Exploration de l’usage du sport comme action sociale : émancipation ou contrainte ?

Le sport par sa pratique massive et sa médiatisation occupe depuis des décennies une importance prépondérante dans notre société, il est souvent appelé à servir de vecteur éducatif car entre autres, il favorise la création des liens sociaux et développe la citoyenneté. Selon les études, il peut favoriser le développement des ressources physiques, intellectuelles et psychiques des jeunes et transformer de manière positive l’image corporelle.
La littérature montre en outre que le sport comme outil éducatif est d’une part relativement peu évalué et que d’autre part, il est la majeure partie du temps, peu intégré dans un programme pédagogique élaboré. Les activités ne sont pas proposées de manière égalitaire pour tous les types de populations institutionnalisées, les activités suggérées ne sont pas les mêmes pour toutes et tous. Elles ne sont pas non plus équitables, certaines filles, certains garçons, les personnes en situations de handicap n’y sont que tolérés.
Une enquête préliminaire dans dix institutions sociales de la région valaisanne (canton suisse) montre que les activités sportives sont très prisées dans les milieux socio-éducatifs, auprès de populations fragilisées. Dans ces institutions, nous avons constaté que les pratiques sportives sont plus ou moins formelles, elles mettent en jeu différents concepts, éducatifs, thérapeutiques, ludiques.

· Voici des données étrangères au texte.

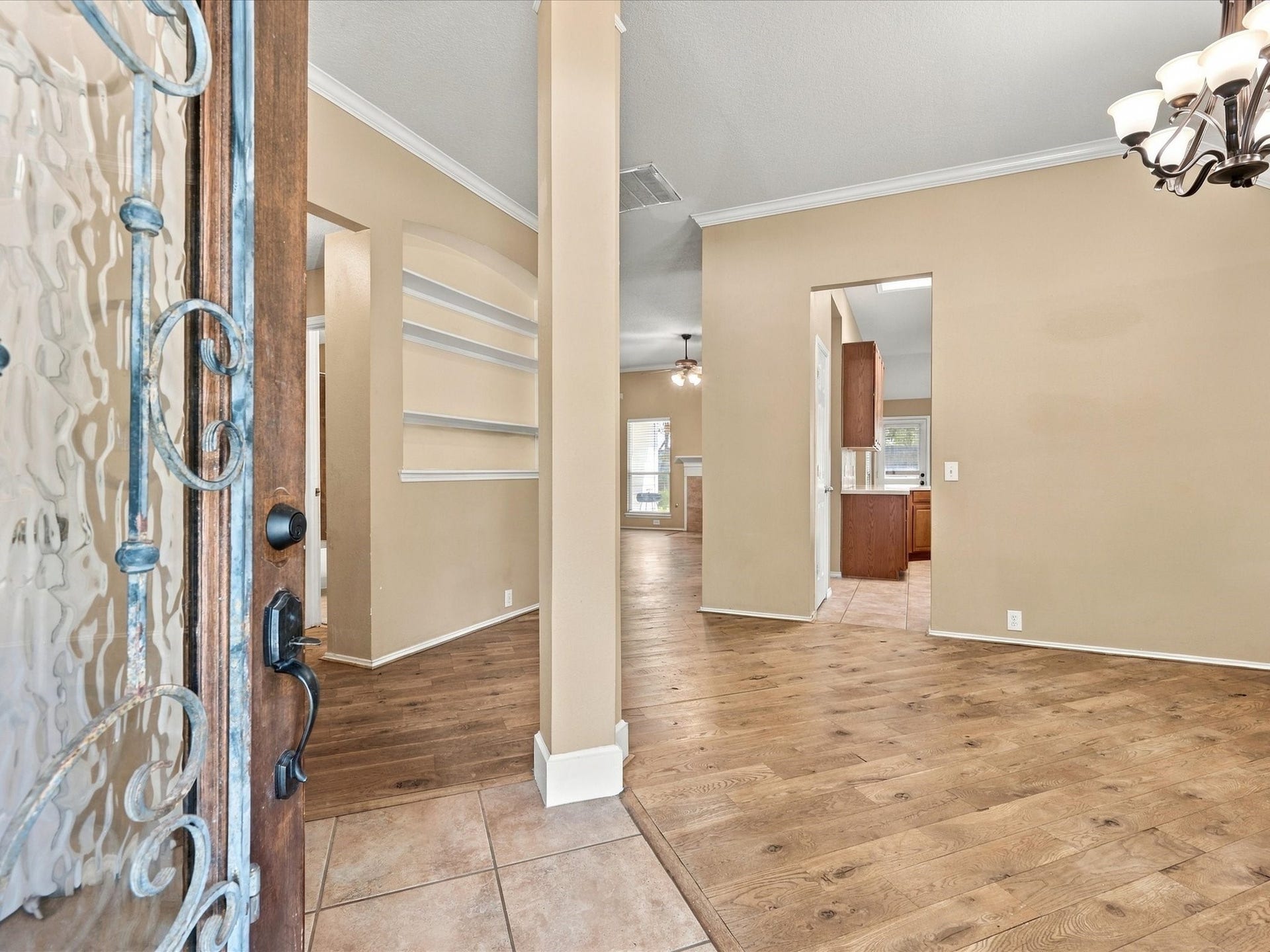 30026 Luna Lakes Drive, Spring, TX 77386 Real maple wood flooring and charming built-ins bring warmth and character to the entry, offering an inviting introduction to the home's interior.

Le sport est promu sans que soient forcément questionnées les valeurs et les éventuelles difficultés qu’il amène, par exemple la reproduction de la domination masculine ou l’augmentation de violences ou le traitement des questions de genre.
Cette communication s’inscrit dans une phase de dépôt de projet de recherche. Elle va relater l’état des connaissances sur le sport comme outil éducatif à travers les enquêtes exploratoires que nous avons menées et la revue de la littérature. Elle va questionner l’activité sportive au sein des institutions sociales sous l’angle éducatif mais également sous l’angle de l’émancipation des normes de genre menant à une participation accrue à la cité.
La recherche prévue donnera la parole aux bénéficiaires de l’intervention sociale, ceci dans le but d’évaluer la place qu’a réellement le sport, au niveau du développement l’identité sexuée et sexuelle des jeunes en institution.

Bibliographie

ARNAUD L. (1999) Politiques sportives et minorités ethniques : le sport au service des minorités ethniques, Paris, L’Harmattan.
ATTALI M. (2004) Le sport et ses valeurs, Paris, La Dispute.
COMPTE R. (2010) Sport et handicap dans notre société : un défi à l’épreuve du social, Empan, n°79, vol. 3, pp. 13-21.
FALCOZ M. & KOEBEL M. (2005) Intégration par le sport : représentations et réalités, Paris, L’Harmattan.
GASPARINI W. & KNOBE S. (2005) Le salut par le sport ? Effets et paradoxes d'une politique locale d'insertion, Déviance et Société, n° 4, vol. 29, pp. 445-461.
LE BRETON D. (2011) Anthropologie du corps et modernité, Paris, Presse Universitaire Française.
LE YONDRE F. (2012) Des corps incertains. Redynamisation des chômeurs par le sport, Le sociographe, n° 38, vol. 2, pp. 83-92.
LEFEVRE N. (2012) Sport et éducation spécialisée. Prévenir la délinquance ?, Le sociographe, n° 38, vol. 2, pp. 43-51.
LIOTARD P. & TERRET T. (dir.) (2005) Sport et Genre. Excellence féminine et masculinité hégémonique, Paris, L’Harmattan.
LOUVAU C. (2006) Inégalité sur la ligne de départ : femmes, origines sociales et conquête du sport, Clio. Histoireˏ femmes et sociétés, n° 23, pp. 119-143.
MARCELLINI A. et al., « L'intégration sociale par le sport des personnes handicapées », Revue internationale de psychosociologie et de gestion des comportements organisationnels, 2003/20 Vol. IX, p.
59-72.
MENNESSON C. (2007) Etre une femme dans le monde des hommes. Socialisation sportive et construction du genre, Paris, L’Harmattan.
PANTALEON N. (2003) Socialisation par les activités sportives et jeunes en difficultés sociales, Empan, n°51, vol. 3, pp. 51-53.
RIVIERE D. & HORNUS-DRAGNE D. (2010) Sport et handicap mental, Empan, n° 79, vol. 3, pp.22-27.
SAINT MARTIN J.-P. & Terret T. (2006) Apprentissage du genre et institutions éducatives, Paris : L’Harmattan.

Présentation des auteurs

Master en sciences de l’éducation, professeure à la Haute Ecole de Travail Social HES-SO Valais - Wallis

Communication complète

Exploration de l’usage du sport comme action sociale : émancipation ou contrainte ?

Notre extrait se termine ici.